Mantan Presiden Filipina, Rodrigo Duterte, Ditahan Atas Tuduhan Kejahatan Kemanusiaan

Mantan Presiden Filipina, Rodrigo Duterte, Ditahan Atas Tuduhan Kejahatan Kemanusiaan

Penangkapan Rodrigo Duterte, mantan presiden Filipina, di Bandara Internasional Manila pada Selasa (11/03/2025) telah mengguncang dunia. Penangkapan ini dilakukan atas perintah Pengadilan Kriminal Internasional (ICC) terkait tuduhan kejahatan terhadap kemanusiaan dalam konteks perang melawan narkoba yang kontroversial selama masa kepemimpinannya. Duterte, yang dikenal karena pendekatan kerasnya terhadap kejahatan narkoba, kini menghadapi dakwaan pembunuhan massal, tuduhan yang didasarkan pada ribuan kematian yang terjadi selama kampanye anti-narkoba yang ia pimpin.
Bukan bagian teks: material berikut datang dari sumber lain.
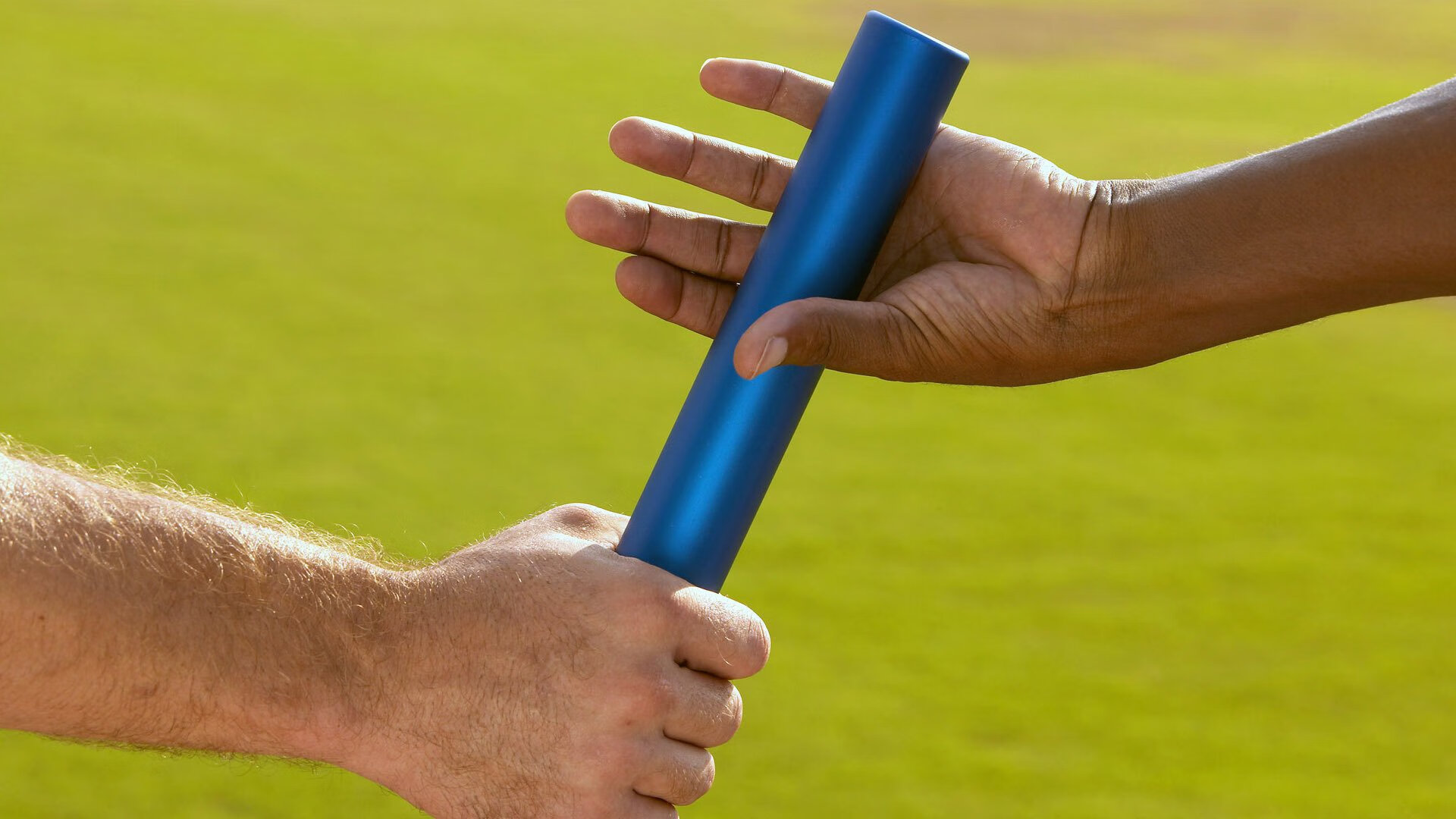 _世界环游游泳挑战赛：跨越五大洲的极限奔赴_，2021世界游泳比赛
Berdasarkan laporan AFP, operasi anti-narkoba Duterte mengakibatkan puluhan ribu kematian, sebagian besar dari kalangan masyarakat miskin. Banyak korban tewas tanpa proses hukum yang adil, tanpa bukti yang cukup atas keterlibatan mereka dalam perdagangan narkoba. Istana Kepresidenan Filipina mengonfirmasi penangkapan tersebut, menyatakan bahwa Duterte saat ini berada dalam tahanan dan dalam kondisi sehat, sedang menjalani pemeriksaan medis oleh petugas kesehatan pemerintah. Penangkapan tersebut terjadi setelah Duterte tiba dari perjalanan singkat ke Hong Kong, di mana ia sempat mengkritik penyelidikan ICC.
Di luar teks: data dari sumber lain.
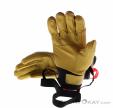 Salewa Ortles AM Leather Women Gloves, Salewa, Black, , Female, 0032-11265, 5637994585, 4053866463997, N2-12.jpg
Meskipun Filipina menarik diri dari ICC pada tahun 2019 atas perintah Duterte sendiri, ICC berpendapat bahwa mereka tetap memiliki yurisdiksi atas kejahatan yang terjadi sebelum penarikan diri, termasuk pembunuhan yang terjadi di Davao saat Duterte menjabat sebagai wali kota. Meskipun pemerintah Filipina di bawah kepemimpinan Presiden Ferdinand Marcos Jr. telah berulang kali menolak untuk bekerja sama dengan penyelidikan ICC, penangkapan Duterte menunjukkan bahwa otoritas Filipina tetap terikat oleh kewajiban internasional, terutama jika Interpol meminta bantuan. Wakil Menteri Komunikasi Kepresidenan, Claire Castro, menegaskan komitmen pemerintah terhadap kerja sama internasional dalam hal ini.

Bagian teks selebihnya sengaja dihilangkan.